Deadly trade in guns is plied openly on streets
Black market explosives and pistols are advertised openly in the remote, mountainous Yunnan county where a mysterious suicide bomber killed three people and injured 16 last week, the South China Morning Post can reveal.
Most advertisers claim they can arrange delivery by car within an hour in central Kunming, the provincial capital, with guns handed over outside supermarkets and post offices.
Some advertisers also said they had delivery networks in remote counties. 'We have people in Qiaojia, Dongchuang and Huize, but the headquarters is in Kunming,' one dealer said.
'If you do not wish to meet, you can deal with us anonymously.'
Small handwritten adverts can be seen everywhere on the streets of Qiaojia, an area known for its mining and quarrying that sits beside the Jinsha (Yangtze) River, on the border with Sichuan province.
The deadly explosion rocked the county centre, the town of Baihetan, last Thursday, but controversy surrounds the identity of the bomber.
The ownership and sale of guns, except those used for hunting and sports, is strictly prohibited on the mainland.
The advertisements claim that handmade firearms and explosives smuggled from Vietnam can be provided after the purchaser makes a small deposit at a bank.
They say the prices are affordable and the goods can be delivered or picked up anonymously after a cash payment. Advertisements for guns and bombs can be spotted in alleys or toilets in some mainland cities, but are seldom posted so openly as the ones in Qiaojia.
Long-distance drivers working in the area say they are more prevalent in Qiaojia than in other rural areas in Yunnan.
Although some of the advertisements are likely to be scams, local people said some were real.

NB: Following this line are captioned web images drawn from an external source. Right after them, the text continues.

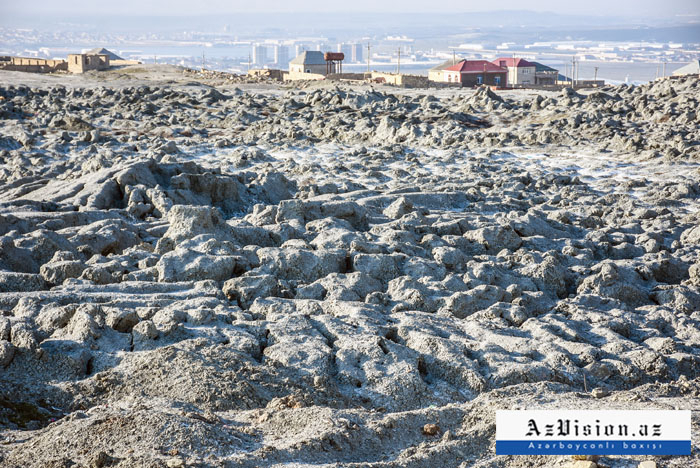  In Aserbaidschan 22 neue seismische Stationen gebaut 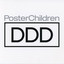 Poster Children - Strange Attractors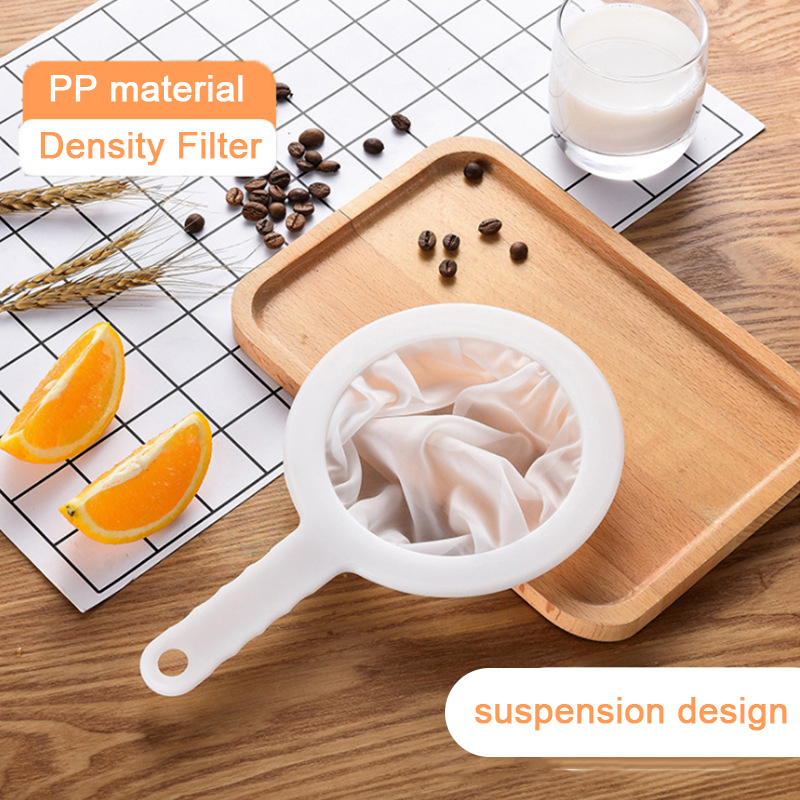 Kitchen Ultrafine Strainer Foo - огляд і ціна Meal Prep Yogurt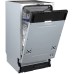 Посудомоечная машина Maunfeld MLP45530 Light Beam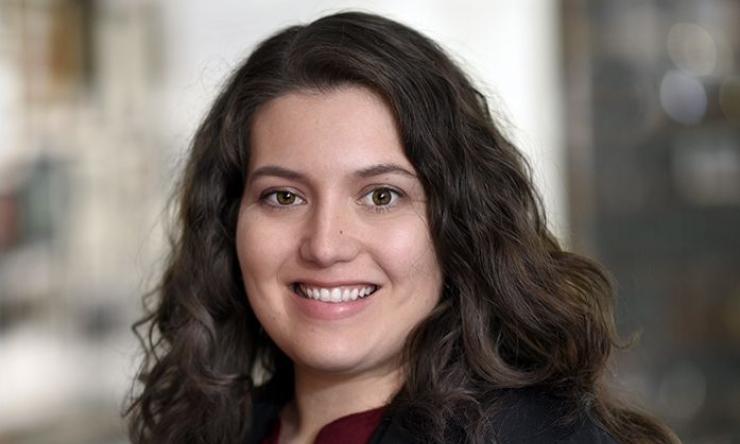 Gloria Echeverria, Ph.D.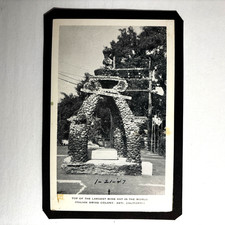 CARTOLINA CA Top della più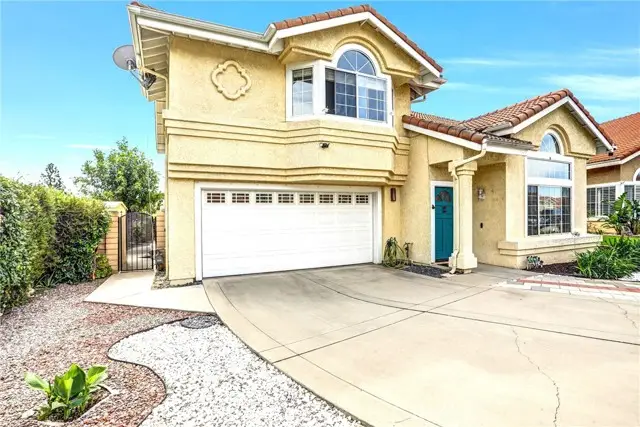 11599 Barrett, Rancho Cucamonga, CA 91730 - #2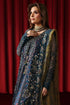Nureh Jhoomro Luxury Wedding Formals –NL-84 Resham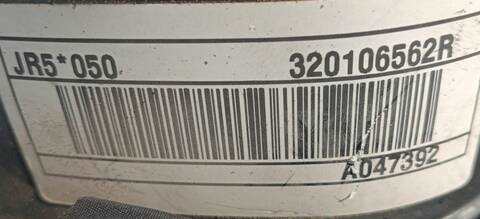 Foto 3ª: Caja Cambios Dacia Dokker 1.6 SCE CAT BIVALENT. GASOLINA - LPG 102CV (2012)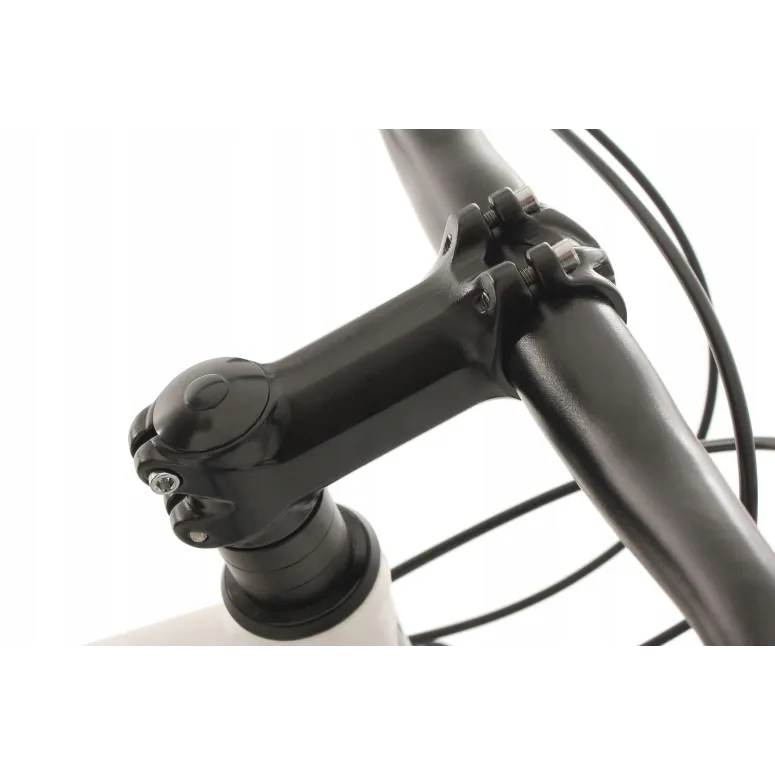 Męski Rower Górski 26 Tarcze Amortyzowany ALU MTB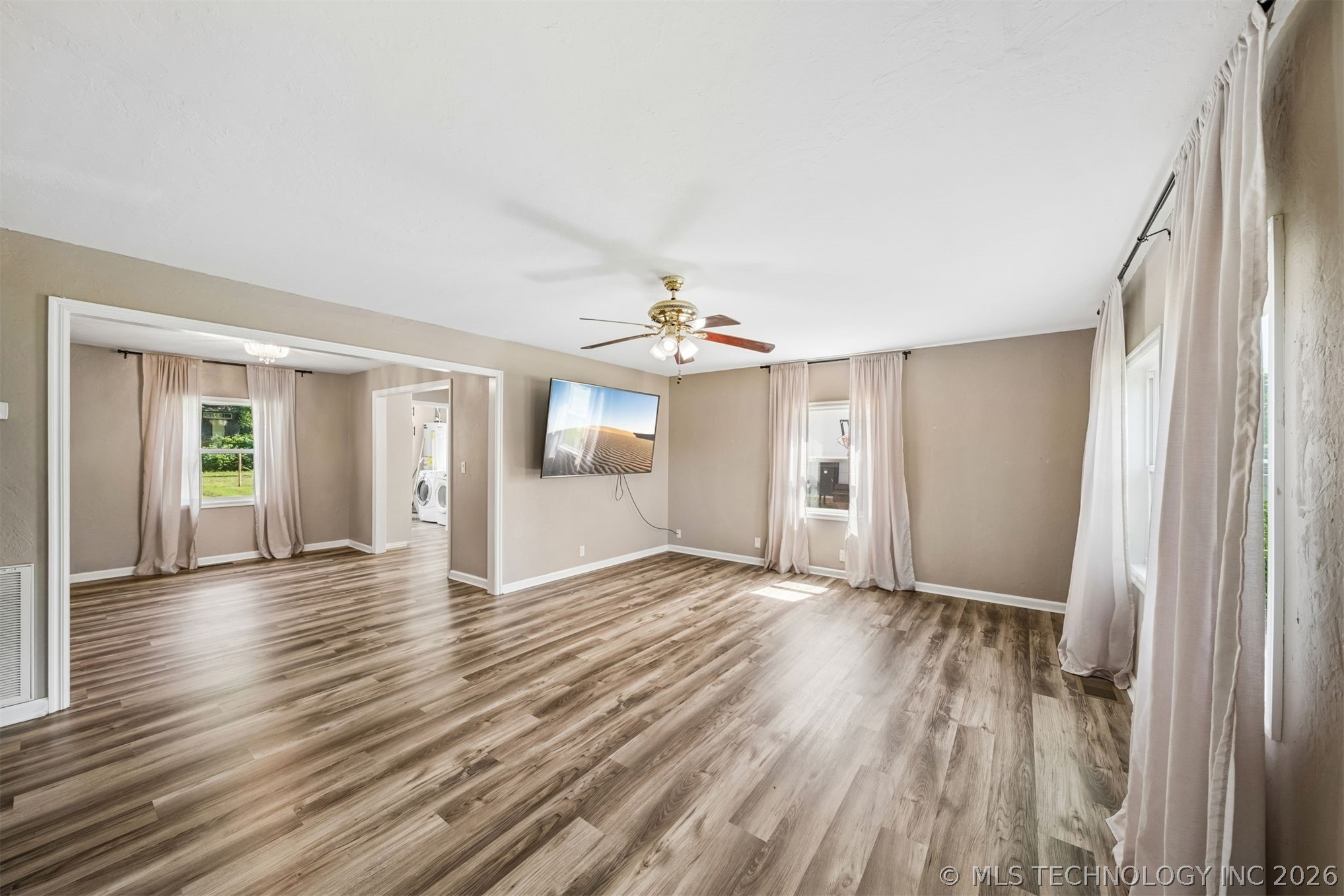 828 E 5th Street Cushing OK 74023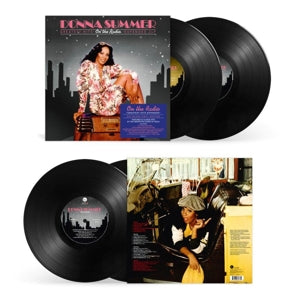 Summer, Donna - On the Radio: Greatest...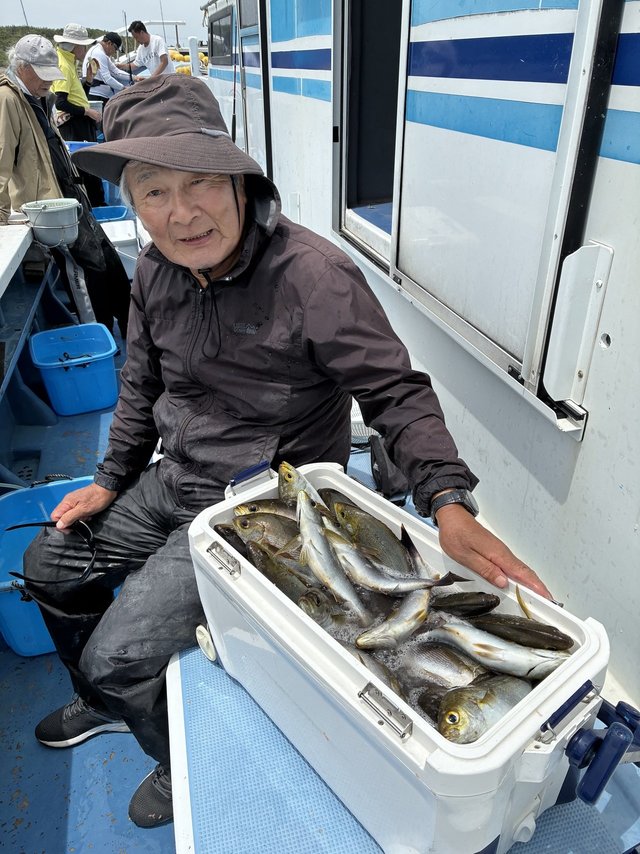イサキ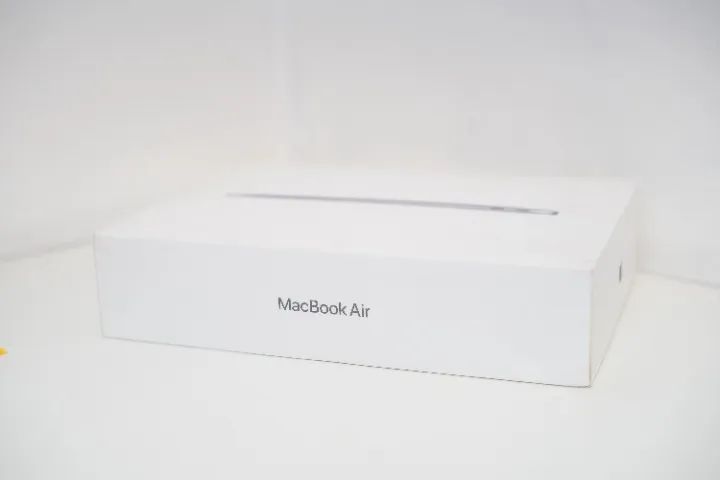 MacBook Air M1 - Caixa NF + Acessórios - Foto 2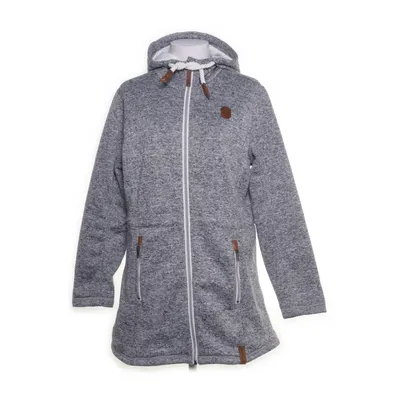 Huvtröja (Grå) från Sports Polyester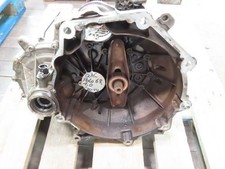 Getriebe Schaltgetriebe QAC 5-Gang TOP! VW POLO V (6R, 6C) 1.0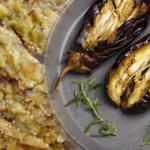 Kışlık patlıcan konservesi nasıl yapılır? Kışlık patlıcan buzlukta nasıl saklanır?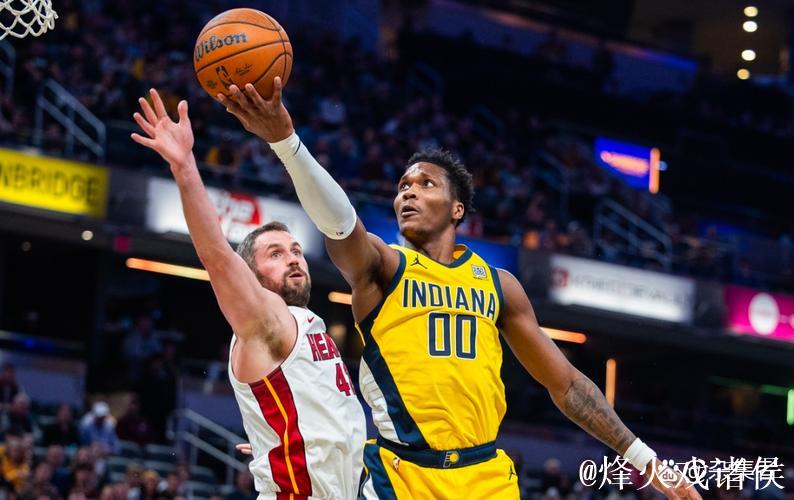 阿德巴约30+11热火胜步行者 活塞送猛龙6连败 阿德巴约30+11热火胜步行者 活塞送猛龙6连败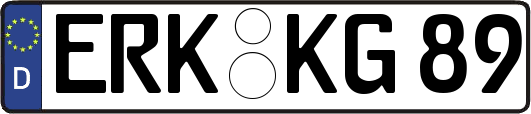 ERK-KG89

'I tried calling up these advertisements last year as I was considering buying a gun to protect myself,' said one driver who later abandoned the idea. 'Some are definitely real.'
Police in Qiaojia declined to comment. But to highlight the scale of the problem, Yunnan police launched a massive explosives and weapons eradication campaign in February, offering rewards of up to 1,000 yuan (HK$1,230) for clues that led to the seizure of guns and explosives.
More than 220 people have been detained and 2,300 weapons confiscated since the campaign started.
Informants providing clues that help solve major crimes committed with weapons are eligible for rewards of up to 20,000 yuan.
Dealers contacted by the South China Morning Post said that 240 grams of military explosive could cost 600 yuan, but 24kg of black powder explosives, used for mining and quarrying, could be bought for 500 yuan. Genuine Chinese Type 54 pistols cost from 3,800 to 4,500 yuan, while copies cost 1,600 yuan. Pistols usually come with 50 free bullets.
One purported dealer said his adverts were all over Qiaojia because of strong demand for explosives from those engaged in quarrying and the construction of a nearby dam.
However, that fails to explain the widespread advertisements for guns. One advertiser contacted by the Post said his 'genuine Chinese Type 54 pistols' were all new.
'Our guns are clean [not having been used in crimes],' he said by phone. 'You can smell the piece and check markings on the gun barrel to make sure they are brand new.
'We have connections with the local detention centre, but that's all you need to know for now.'
Another dealer said he could provide a variety of bombs made in Vietnam.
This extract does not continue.